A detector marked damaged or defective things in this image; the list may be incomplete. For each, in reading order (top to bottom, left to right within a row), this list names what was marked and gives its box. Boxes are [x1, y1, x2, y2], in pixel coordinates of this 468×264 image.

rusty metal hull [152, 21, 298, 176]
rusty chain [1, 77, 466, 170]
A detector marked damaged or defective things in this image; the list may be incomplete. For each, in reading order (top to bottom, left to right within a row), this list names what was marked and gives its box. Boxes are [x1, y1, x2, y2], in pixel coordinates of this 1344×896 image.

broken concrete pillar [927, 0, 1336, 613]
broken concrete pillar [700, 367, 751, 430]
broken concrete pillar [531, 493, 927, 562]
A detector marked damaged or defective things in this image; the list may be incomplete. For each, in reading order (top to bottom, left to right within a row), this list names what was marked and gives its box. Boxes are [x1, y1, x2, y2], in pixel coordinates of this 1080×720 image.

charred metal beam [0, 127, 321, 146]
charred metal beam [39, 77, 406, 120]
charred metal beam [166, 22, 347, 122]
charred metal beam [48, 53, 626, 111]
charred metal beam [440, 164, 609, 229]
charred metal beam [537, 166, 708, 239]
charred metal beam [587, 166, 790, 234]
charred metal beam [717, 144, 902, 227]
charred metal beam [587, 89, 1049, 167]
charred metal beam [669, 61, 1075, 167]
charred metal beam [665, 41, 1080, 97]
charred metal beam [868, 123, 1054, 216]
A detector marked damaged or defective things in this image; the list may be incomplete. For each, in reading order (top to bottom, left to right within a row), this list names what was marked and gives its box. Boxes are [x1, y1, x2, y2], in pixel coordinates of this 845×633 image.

▸ **WHAT THIS TASK INVOLVES**: Transcribe each of the records above exactly.

▸ **ANSWER FOR THE TASK**:
A detector marked damaged or defective things in this image; the list may be incomplete. For each, in reading order (top to bottom, left to right within a row), this list names what was marked and gives its box. Boxes are [x1, y1, x2, y2], in pixel coordinates of this 468×264 image.

rusty metal hull [152, 21, 298, 176]
rusty chain [1, 77, 466, 170]
A detector marked damaged or defective things in this image; the list may be incomplete. For each, in reading order (top to bottom, left to right within a row), this list names what was marked and gives its box. Boxes are [x1, y1, x2, y2], in pixel coordinates of this 1344×896 image.

broken concrete pillar [927, 0, 1336, 613]
broken concrete pillar [700, 367, 751, 430]
broken concrete pillar [531, 493, 927, 562]
A detector marked damaged or defective things in this image; the list may be incomplete. For each, in reading order (top to bottom, left to right within a row), this list names what was marked and gives its box. Boxes are [x1, y1, x2, y2], in pixel coordinates of this 1080×720 image.

charred metal beam [0, 127, 321, 146]
charred metal beam [39, 77, 406, 120]
charred metal beam [166, 22, 347, 122]
charred metal beam [48, 53, 626, 111]
charred metal beam [440, 164, 609, 229]
charred metal beam [537, 166, 708, 239]
charred metal beam [587, 166, 790, 234]
charred metal beam [717, 144, 902, 227]
charred metal beam [587, 89, 1049, 167]
charred metal beam [669, 61, 1075, 167]
charred metal beam [665, 41, 1080, 97]
charred metal beam [868, 123, 1054, 216]
A detector marked damaged or defective things in this image; the list may be incomplete. For each, in reading order (top to bottom, left to right within a row), this list names what was marked and gives its box. Boxes are [x1, y1, x2, y2], in pixel coordinates of this 845×633 image.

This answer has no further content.